▶ _TASK DATA_:
══════
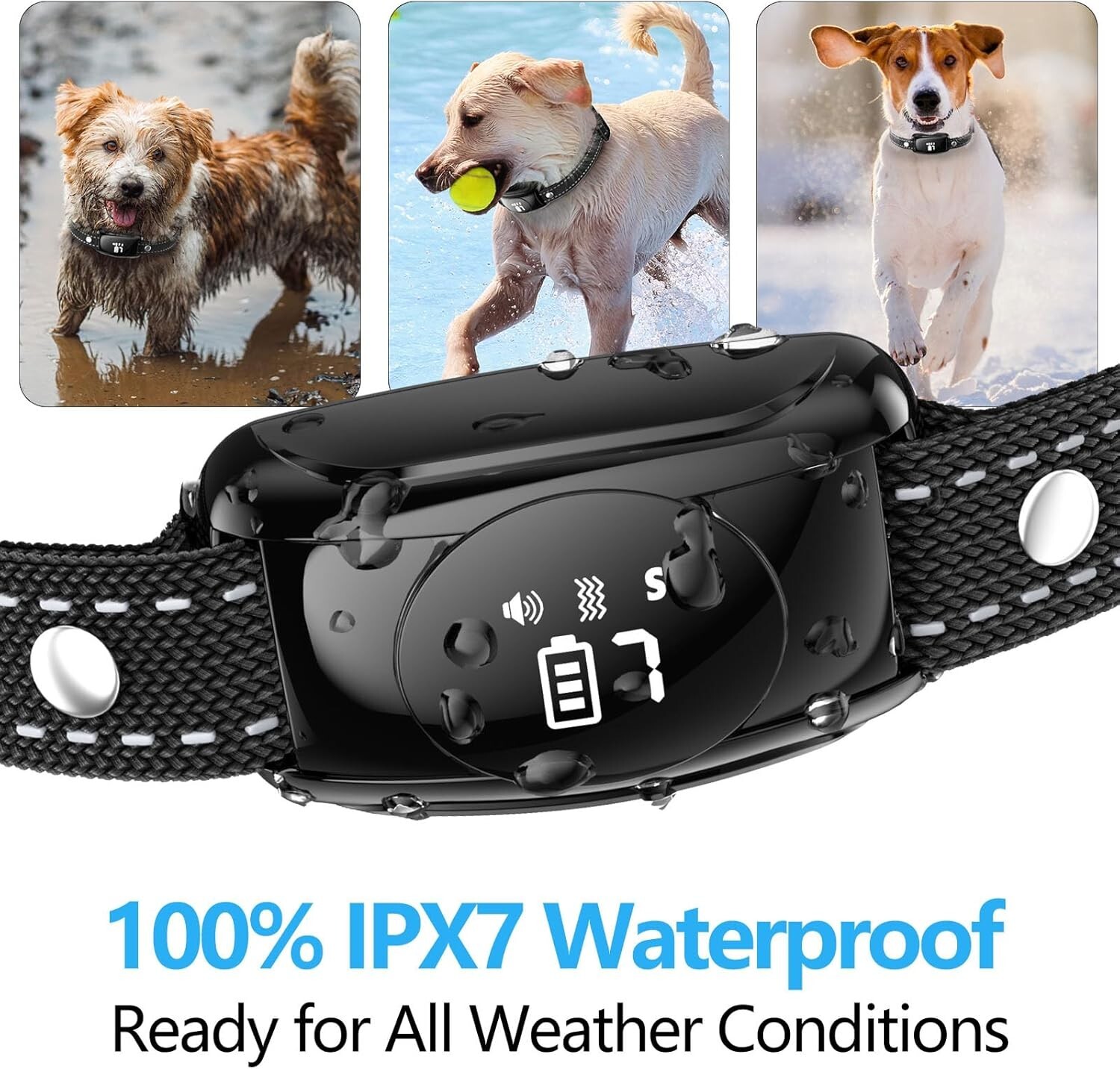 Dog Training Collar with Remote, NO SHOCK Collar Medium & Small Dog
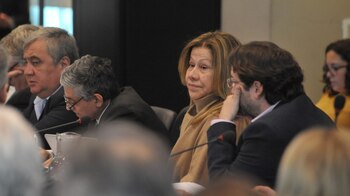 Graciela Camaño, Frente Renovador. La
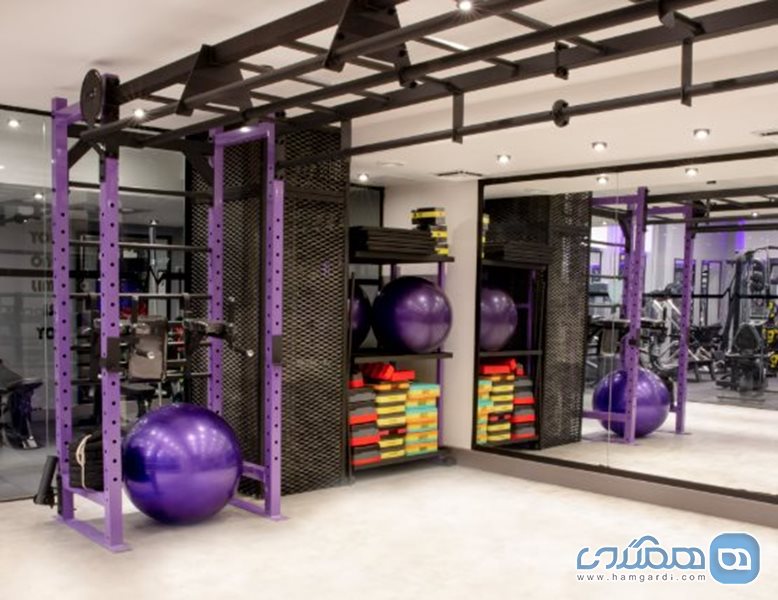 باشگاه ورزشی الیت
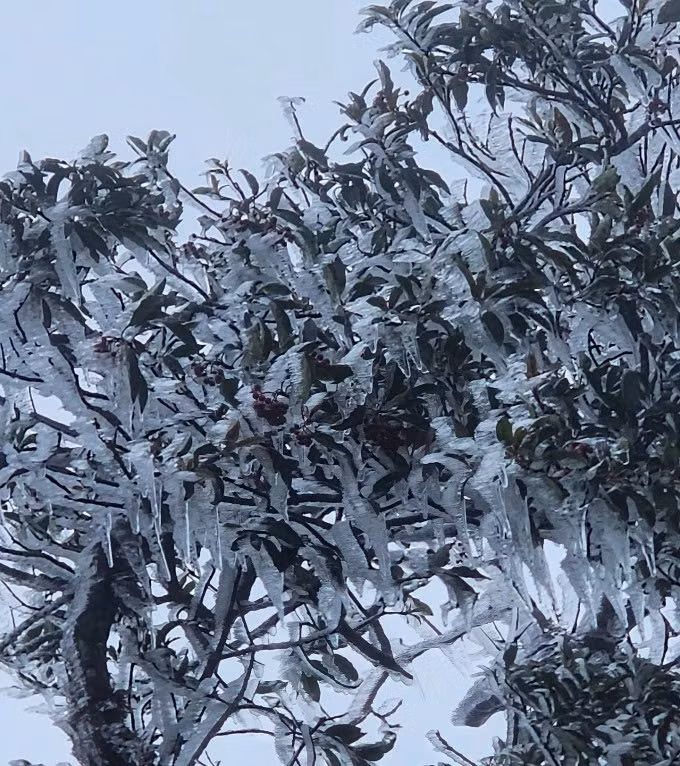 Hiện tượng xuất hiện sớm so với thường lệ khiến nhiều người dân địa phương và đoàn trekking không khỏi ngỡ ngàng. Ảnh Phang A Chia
══════
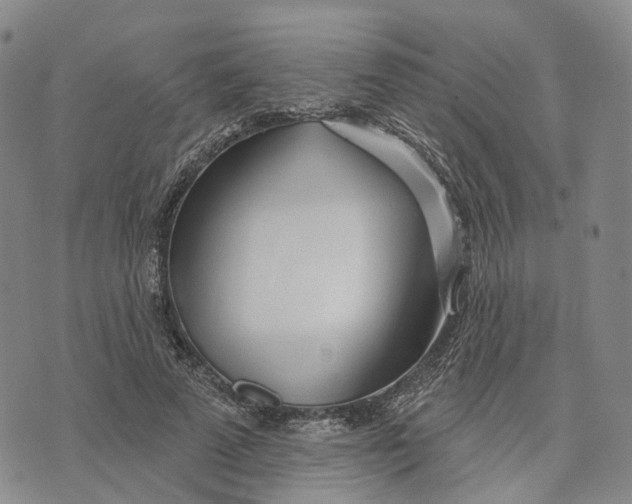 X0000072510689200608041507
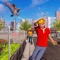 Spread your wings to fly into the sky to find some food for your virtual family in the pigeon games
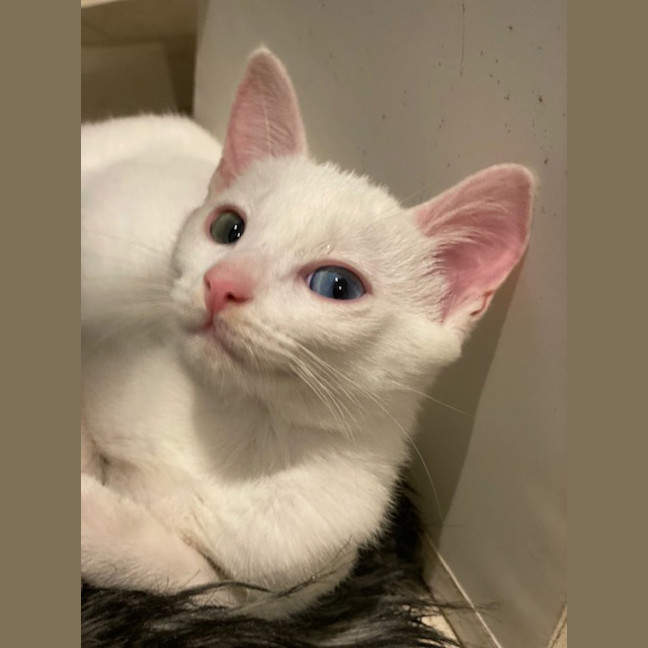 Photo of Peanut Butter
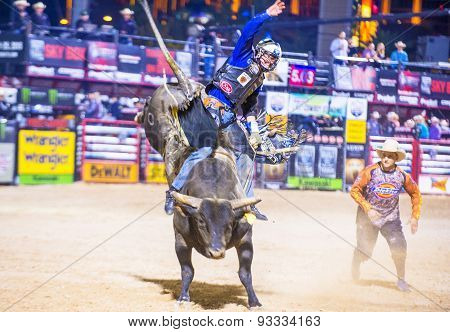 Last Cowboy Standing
══════
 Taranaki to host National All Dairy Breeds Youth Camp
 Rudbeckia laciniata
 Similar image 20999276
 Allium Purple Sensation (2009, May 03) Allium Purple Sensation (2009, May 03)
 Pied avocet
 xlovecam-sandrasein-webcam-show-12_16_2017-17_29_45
══════
Repeat only the stretch of data above that runs from the line with "X0000072510689200608041507" to the line with "Last Cowboy Standing". Keep both end lines; exclude pictures.

 X0000072510689200608041507
 Spread your wings to fly into the sky to find some food for your virtual family in the pigeon games
 Photo of Peanut Butter
 Last Cowboy Standing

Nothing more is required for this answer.